R&D Tax Credit Enhancements Provide More Cash-Saving Opportunities for Manufacturers

By Chai Hoang & Chris Bard

In December 2015, Congress passed the Protecting Americans from Tax Hikes Act of 2015 (PATH Act), extending and making permanent a number of important tax credits—including the federal research and development R&D credit.

The permanent extension of the R&D credit is great news for both manufacturers and the broader U.S. economy: manufacturers can continue to benefit from their investments to attempt to develop or improve their products, manufacturing processes and software; while the broader economy will benefit from the resulting innovation and boost in productivity.

The PATH Act’s permanent extension is a welcome change for manufacturers who, according to IRS statistics, accounted for more than $6.5 billion of the total $10.8 billion in federal credits claimed by corporations in 2012. Before the PATH Act, the credit would be passed for a year or two and then expire, leaving taxpayers to wonder, often until their tax year was over, whether they’d be allowed to report a credit for the year.
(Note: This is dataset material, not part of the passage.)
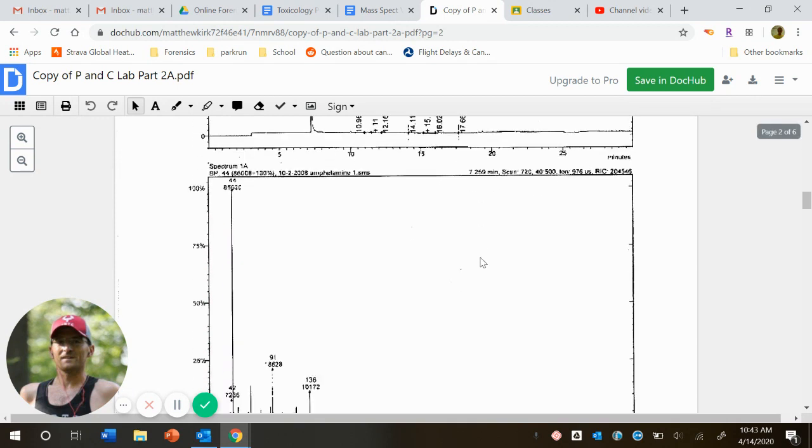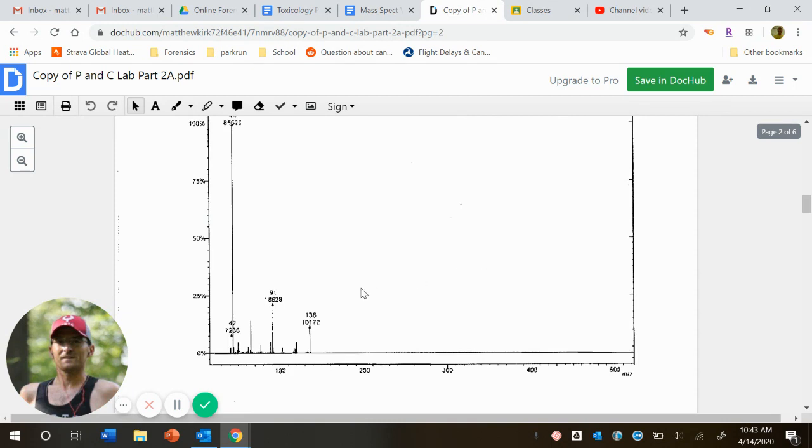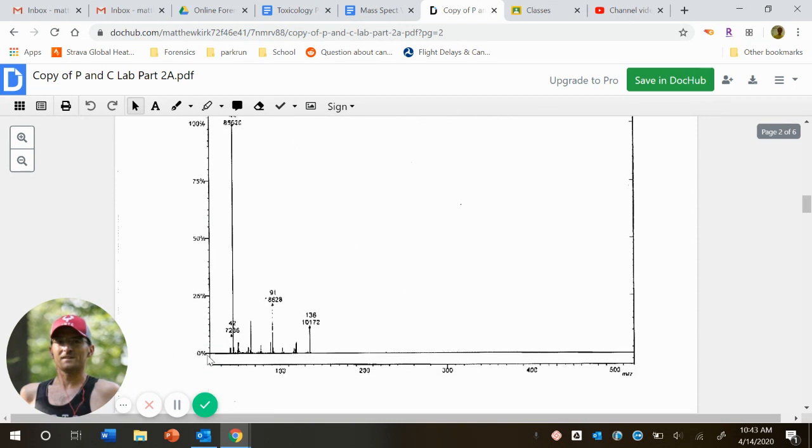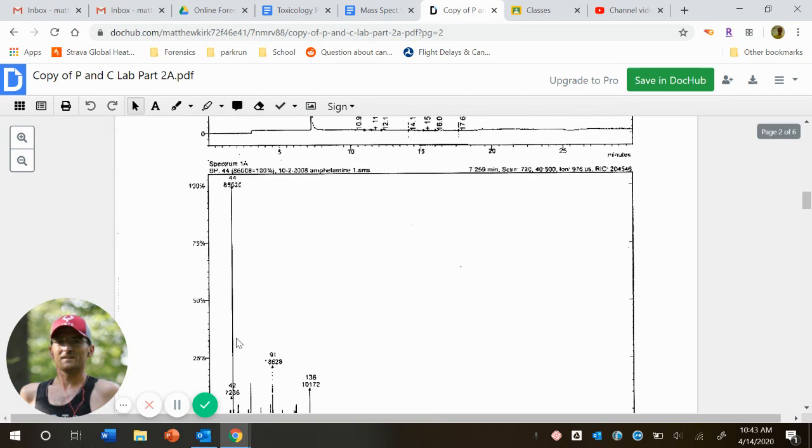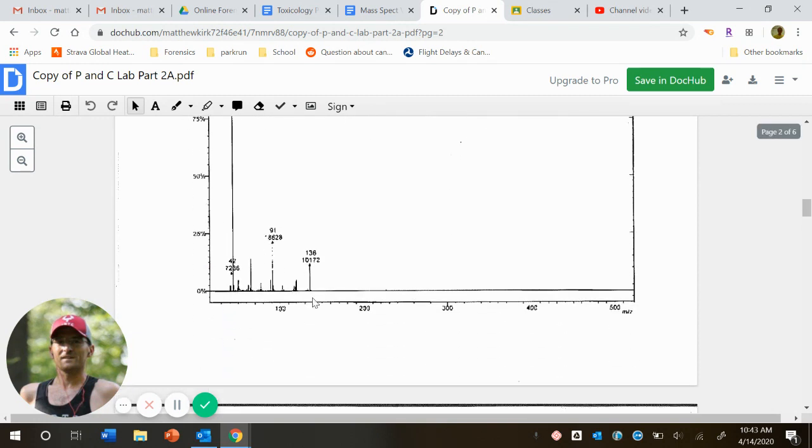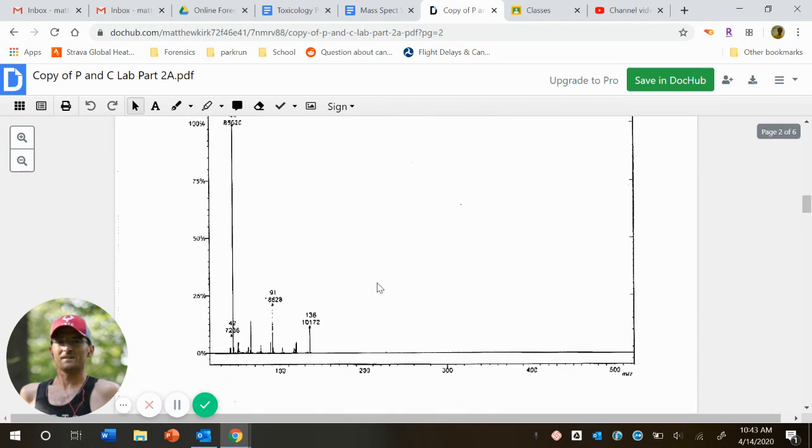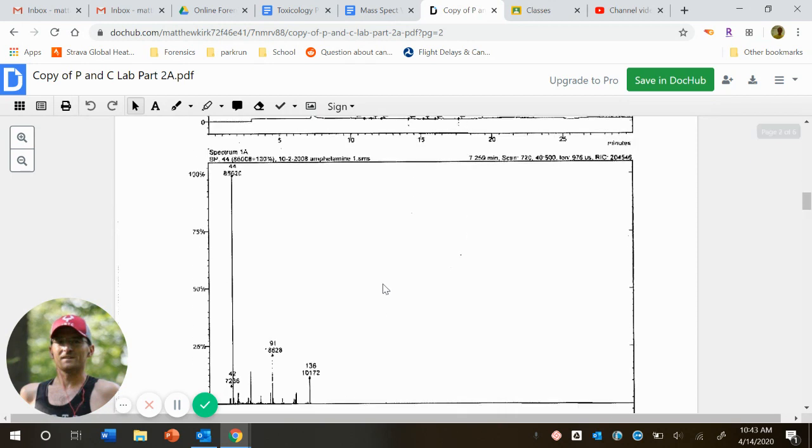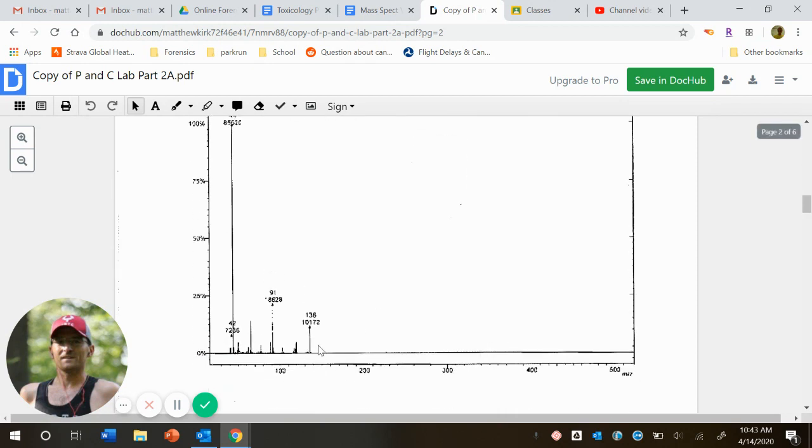And then our second graph again is our spectrum. And again, abundance on y, think of our x-axis as the mass for our spectrum, where each peak again represents. And a couple ways we can think about this. The highest peak is our compound or molecule all together.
Now, they can consider it a permanent component of their tax planning strategies.

Designed to encourage investment in innovation, the R&D tax credit can sometimes be overlooked by manufacturers who often think that “R&D” is a bar too high to meet.

The U.S. Tax Court, however, has said that “routine engineering” and “routine software development” can qualify; and it and other courts have upheld all sorts of efforts to attempt to make things better, faster, cheaper or greener, e.g., specifying and integrating existing components into an overall design for a new system, evaluating the efficiency of a third party’s technology to perform within an existing production process and engaging in scale-up activities to resolve engineering uncertainties not eliminable through testing on smaller processes or equipment.

This is true regardless of what’s being manufactured: paper; food; apparel; chemicals; furniture; plastics—it doesn’t matter. All of these industry subsectors have reported millions of dollars of R&D credits, and they’ve enjoyed the tax savings, reduction in effective tax rates and increase in earnings and cash flows that R&D credits can bring.

And with two other changes to the credit, smaller manufacturers have more opportunities to take advantage as well.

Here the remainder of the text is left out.